İnşaat sektörü, Türkiye’de, ekonominin lokomotifi olma özelliğinin yanında, sıklıkla, ekonomik darboğazlardan çıkışın bir yöntemi olarak da canlı tutulmaya çalışılır. Bununla beraber, temel bir ihtiyaç olan barınma gereksinimi ve zaman zaman teşviklerle de desteklenen konut piyasasında oluşan aşırı değerlemeler, aslında baştan sona kadar teknik ve mesleki bilgi gerektiren bir iş olan inşaat işini, inşaat işinden hiç anlamadığı halde, kısa yoldan zengin olmak isteyen ve çok para kazanmaktan başka bir gayesi olmayan herkesin yaptığı bir iş haline getirmektedir. Ve ne yazık ki; bu ülkede, biraz parası olan herkes, müteahhit olup kamu inşaat ihalelerine de girebiliyor, konut da üretip satabiliyor.
Evet, son derece teknik olan, bilgi gerektiren ve en önemlisi, -yaşanan her depremde gördüğümüz gibi- kusurlarının bedelini insanların canlarıyla ödediği bir iş olan inşaat işini, biraz parası olan herkes müteahhit olup yapabiliyor. Önemli bir nokta da; en çok vasıfsız insanın çalıştığı sektörün inşaat sektörü olmasıdır. Bunun bedelini de her depremde, büyük acılarla ödüyoruz.

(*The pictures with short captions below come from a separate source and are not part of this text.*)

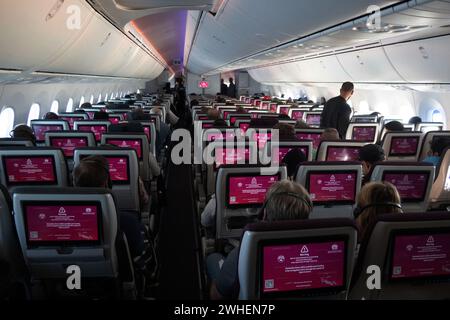 '30.10.2023, Quatar, Doha - Passagiere in einer Flugzeugkabine erhalten bei der Einreise in das Land über das Bordnetz Informationen über Zollvorschriften Stockfoto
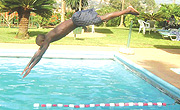 Rwandau2019s Olympian swimmer Jackson Niyomugabo takes a dive during the Beijing Olympic Games preparations at the Novotel hotel pool. (File photo).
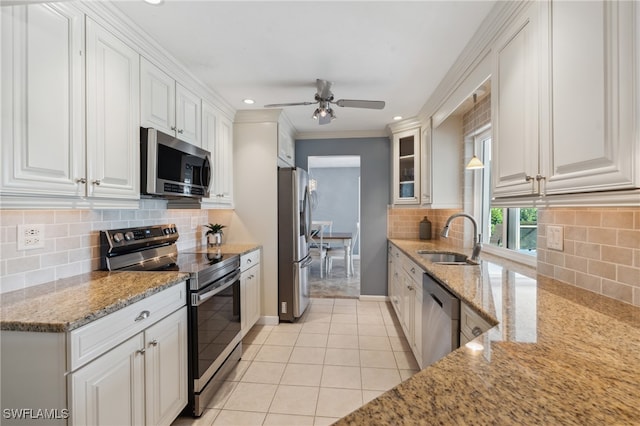 kitchen with appliances with stainless steel finishes, light stone counters, ornamental molding, sink, and white cabinets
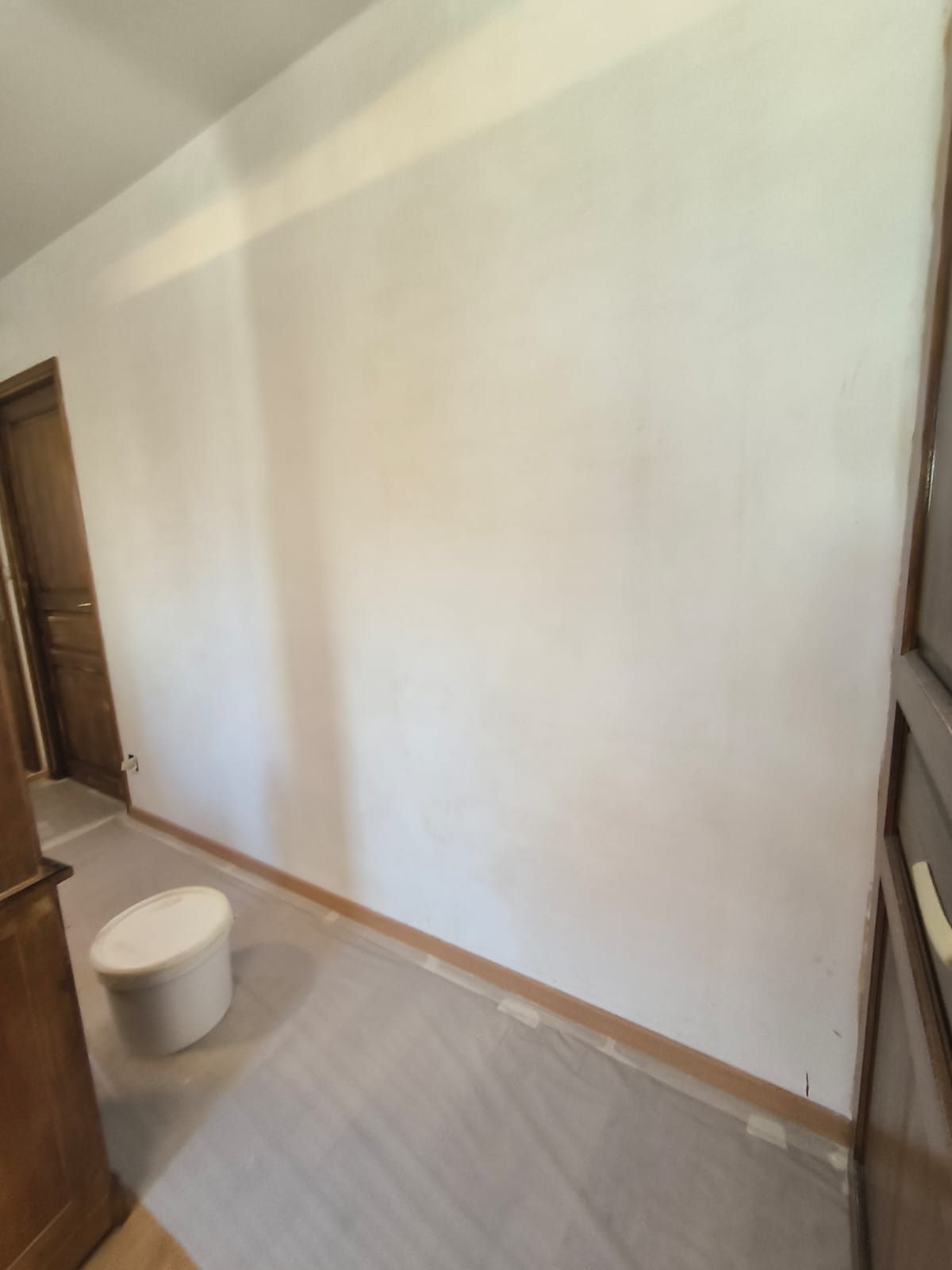 Chantier en cours : mur préparé et sol protégé avant la mise en peinture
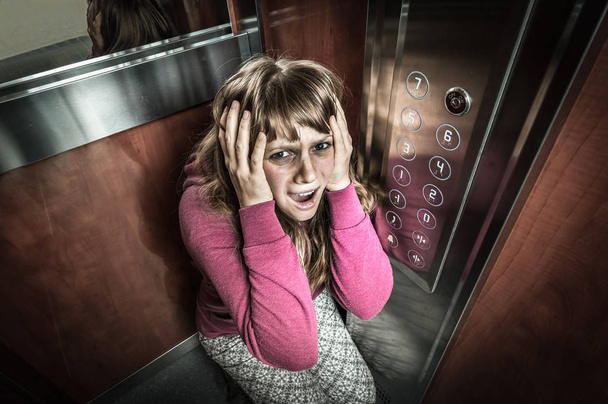 Shocked woman with claustrophobia in the moving elevator - Zdjęcie, obraz
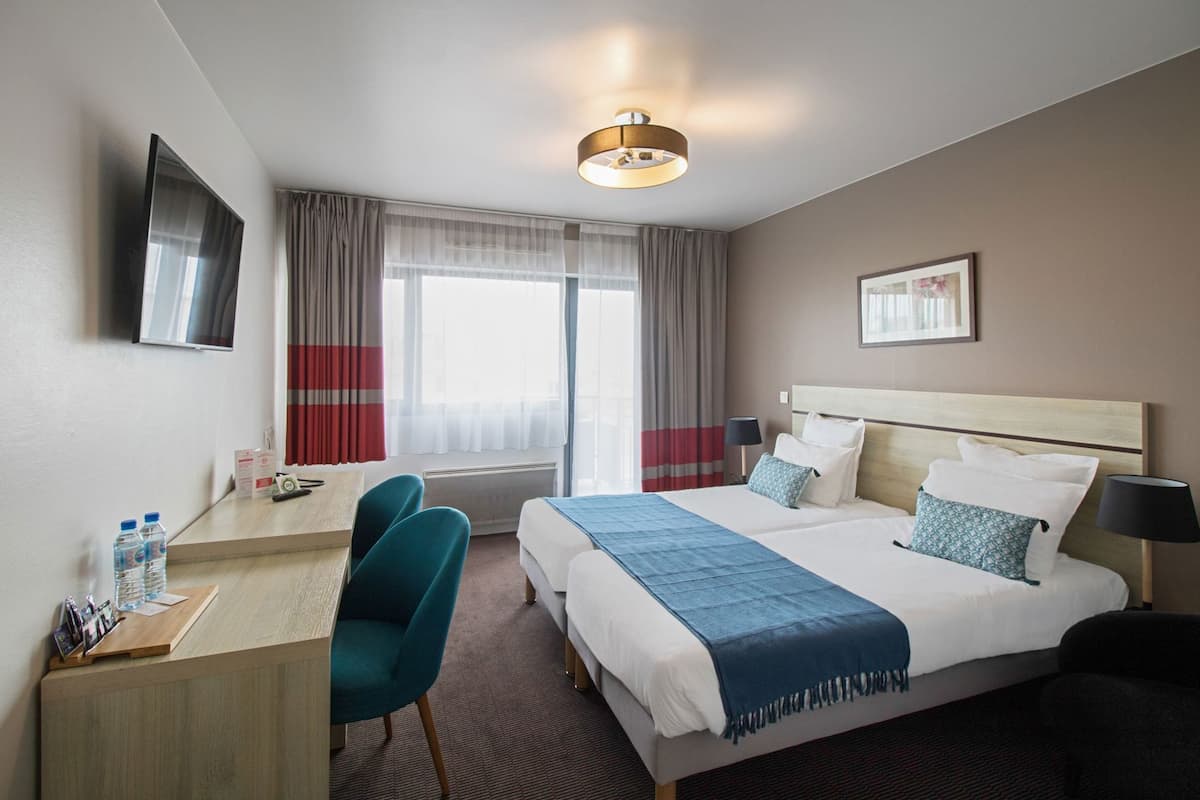 Habitación de hotel con cama, mesitas de noche, escritorio, sillas, televisor y ventana con cortinas.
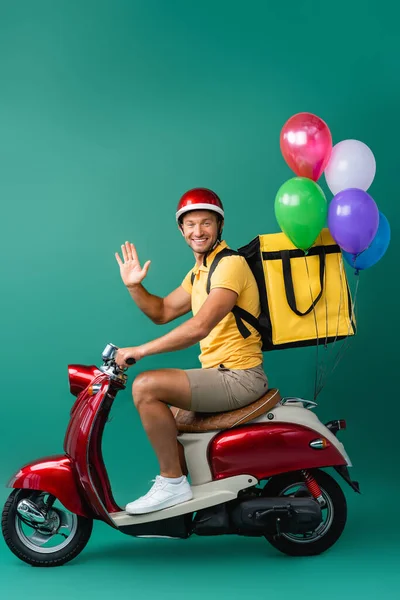 Happy delivery man with backpack riding scooter with balloons and waving hand on blue — Stock Photo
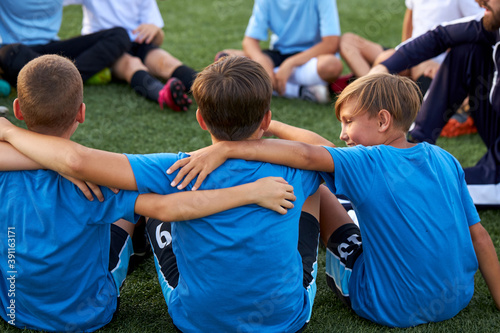 young kids football team embrace each other on football field before match, support, have talk, sit on grass together © Roman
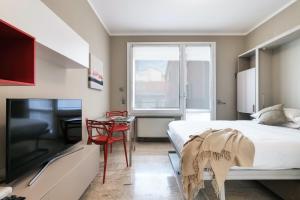 TV a/nebo společenská místnost v ubytování Contempora Apartments - Elvezia 8 - E31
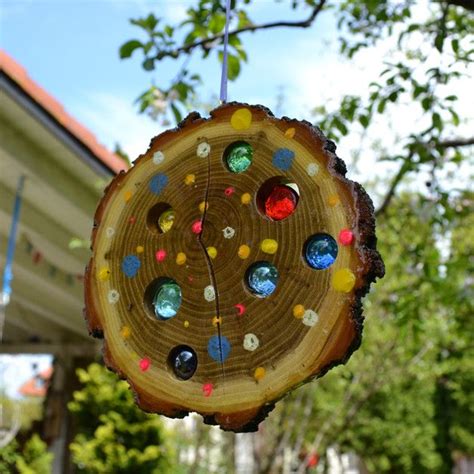 A Piece Of Wood With Different Colored Glass Beads Hanging From It S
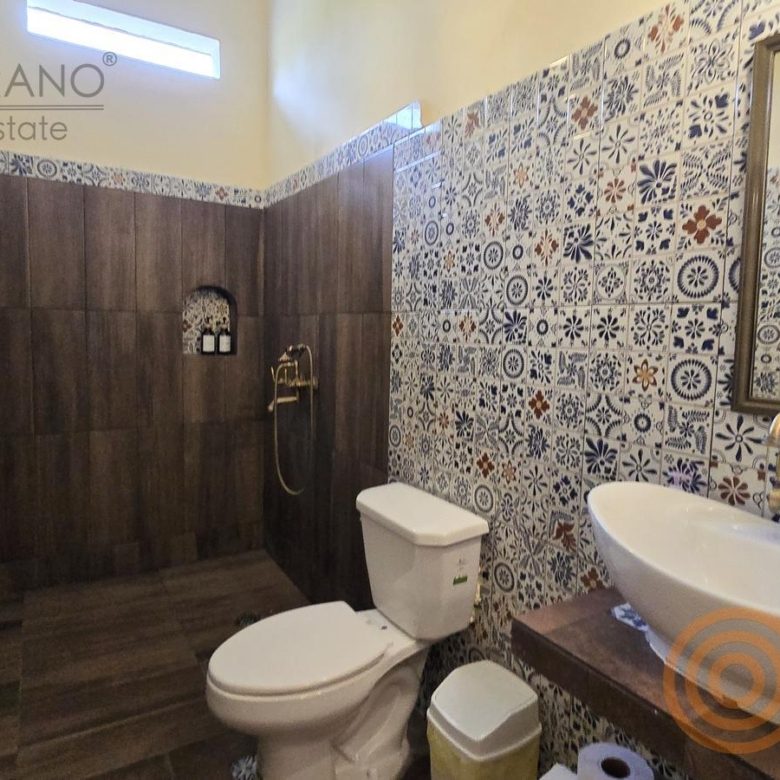 Baño con tina y regadera con azulejo decorado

İnşaat işi, parası olanın, tek amacı da daha fazla para kazanmak olanın yapacağı ticari bir iş değildir. İşinin ehli, ahlak ve vicdan sahibi mimar ve mühendisler tarafından tasarlanması, uygulanması, denetlenmesi ve yine işinin ehli, eğitimli, vicdan ve ahlak sahibi ustalar tarafından yapılması gereken son derece profesyonel bir iştir. Bunun sağlanması için öncelikle, inşaat işi yapmak isteyenlerin, gerekli mesleki bilgi ve yetkinliğinin sıkı bir kontrolden geçirileceği mevzuata ihtiyaç bulunmaktadır. Bunun yanında, inşaat işinde çalışan ustaları yetiştirecek eğitim ve sertifikasyon programları oluşturulmalıdır. Vasıfsız insanların inşaat işlerinde çalışması engellenmelidir. Kontrol ve denetim işi bir formalite olmaktan çıkarılmalıdır.

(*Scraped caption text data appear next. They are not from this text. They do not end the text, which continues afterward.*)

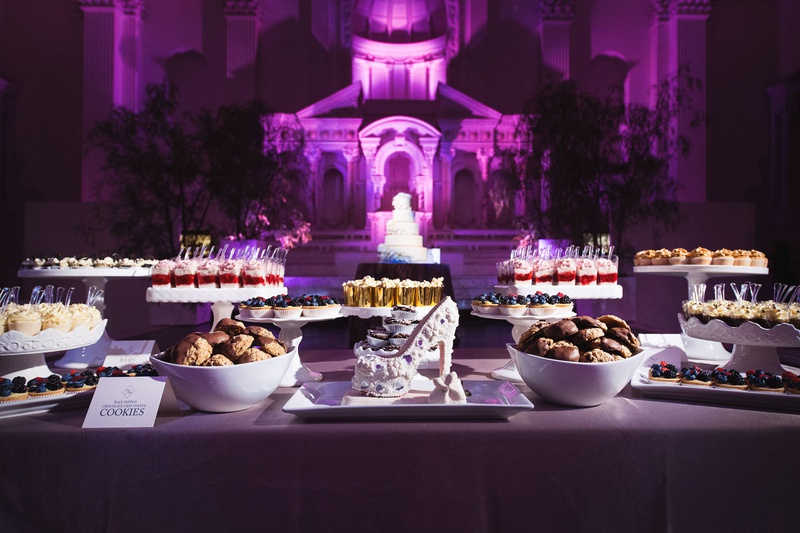 Dessert Bar %26 Wedding Cake
Photography: Callaway Gable
Read More:
http://www.insideweddings.com/weddings/modern-in-the-round-ceremony-whimsical-garden-inspired-reception/1155/ Vibiana wedding reception purple lighting shoe dessert dessert sweets bar candy bar alternative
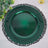 Green decorative plate on a black lace charger.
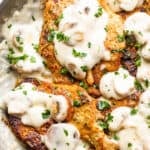 overhead photo of fried pork chops topped with mushroom cream marsala sauce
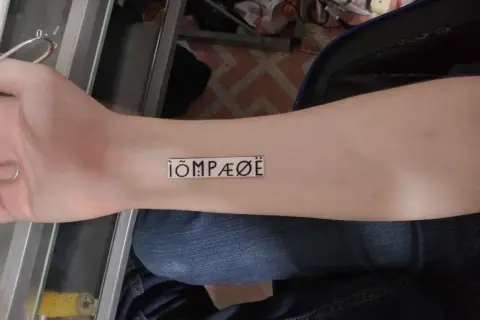 Nowy tatuaż na przedramieniu: ÌÕMPÆØË. Wygląda jak tajemniczy symbol.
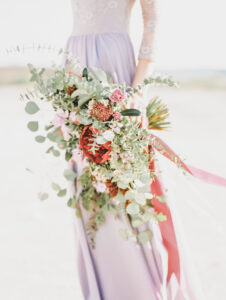 A bride showcasing predicted wedding fashion trends for 2025 in elegant attire.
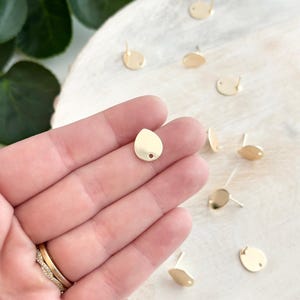 May include: Gold teardrop shaped earring blanks with a hole in the center. The earring blanks are on a wooden surface.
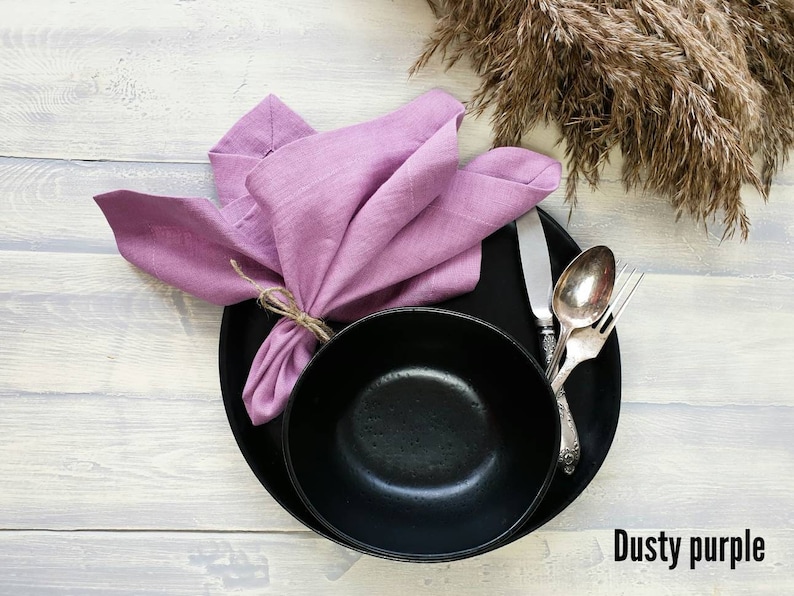 May include: A black bowl and plate with a dusty purple linen napkin on top. The napkin is tied with twine. A silver fork and spoon are on the plate.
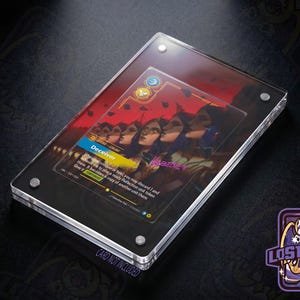 May include: A rectangular clear acrylic display case with four silver corner screws, housing a game card titled Deceiver. The card features an illustration of multiple figures with dark hair and red tones, with text detailing game mechanics.
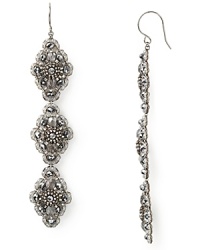 Dangling drop earrings from Miguel Ases blend textured beading with pearlescent luminance for dramatic earth goddess glamour. Dangling drop earrings from Miguel Ases blend textured beading with pearlescent luminance for dramatic earth goddess glamour.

İnşaat kalitesinin temel gereksinimlerinden birinin de mühendislik, mimarlık hizmet kalitesi olduğu da bir gerçektir. Mevcut mevzuat ile her mimar ve mühendis, okuldan mezun olur olmaz her türlü inşaat için proje, kontrollük ve denetim yapabilmektedir. Bu durum mühendislik ve mimarlık hizmet kalitesini düşürdüğü gibi inşaatlarda önemli dizayn ve imalat hatalarına sebep olmaktadır. Diğer bir çok meslekte olduğu gibi; mühendis ve mimarların da mezun olduktan sonra belirli bir süre (belki birkaç sene) uygulama stajı yapmaları ve bunun sonucunda da etkin bir değerlendirmeden geçtikten sonra mesleki yetkilerini kullanmalarına izin verilmelidir. Halihazırda, okul sırasında yapılan kısa süreli ve yüzeysel stajların mesleki gelişime pek bir katkısı olmadığı açıktır. Bunun yanında, mühendis ve mimarların, okuldan sonra belirli alanlarda uzmanlaşmaya yönlendirilmeleri ve herkesin kendi uzmanlık alanında çalışma yetkisi olması da mühendislik ve mimarlık hizmet kalitesini yükseltecek bir yöntem olacaktır.
Yoksa, buradaki haberde de görüldüğü gibi, mevcut mevzuat ile kaliteli ve sağlam inşaat yapmak zor görünüyor.